| YOUR INSTRUCTIONS |
Every record below must come back exactly as written, with the images dropped.

[Recorded data]
——
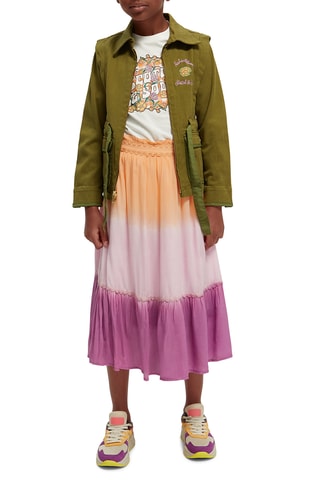 Jupe taille haute - Orange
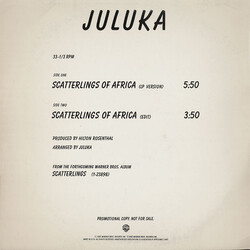 Juluka Scatterlings Of Africa Vinyl 12" USED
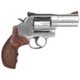 Smith &amp; Wesson 686 Deluxe Revolver, .357 Magnum/.38 Special, 3in Barrel, L Frame, Adjustable, Stainless Frame, Wood Grip, 7 Round Cylinder, 150713
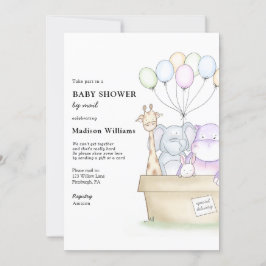 Baby shower per post kaart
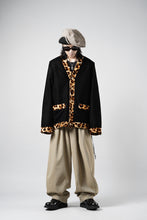 画像をギャラリービューアに読み込む, mastermind JAPAN LEOPARD VELVET CARDIGAN JACKET (BLACK x YELLOW)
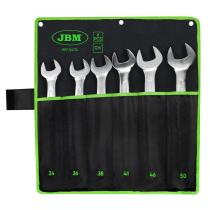 JBM Herramientas 54174 - SET DE 6 LLAVES COMBINADAS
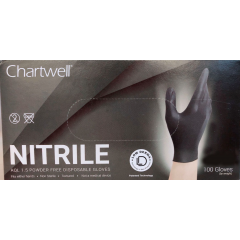 美国 Chartwell 一次性橡胶防护手套（可触屏）100pcs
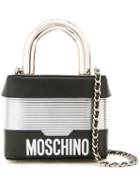 Moschino Padlock Shoulder Bag, Women's, Black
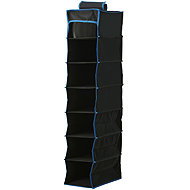Redcliffs Outdoor Textile wardrobe organiser, 7 shelves, 30 × 17 × 84 cm - Organiser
——
| FINISHED TASK |
 Jupe taille haute - Orange
 Juluka Scatterlings Of Africa Vinyl 12" USED
 Smith &amp; Wesson 686 Deluxe Revolver, .357 Magnum/.38 Special, 3in Barrel, L Frame, Adjustable, Stainless Frame, Wood Grip, 7 Round Cylinder, 150713
 Baby shower per post kaart
 画像をギャラリービューアに読み込む, mastermind JAPAN LEOPARD VELVET CARDIGAN JACKET (BLACK x YELLOW)
 JBM Herramientas 54174 - SET DE 6 LLAVES COMBINADAS
 美国 Chartwell 一次性橡胶防护手套（可触屏）100pcs
 Moschino Padlock Shoulder Bag, Women's, Black
Redcliffs Outdoor Textile wardrobe organiser, 7 shelves, 30 × 17 × 84 cm - Organiser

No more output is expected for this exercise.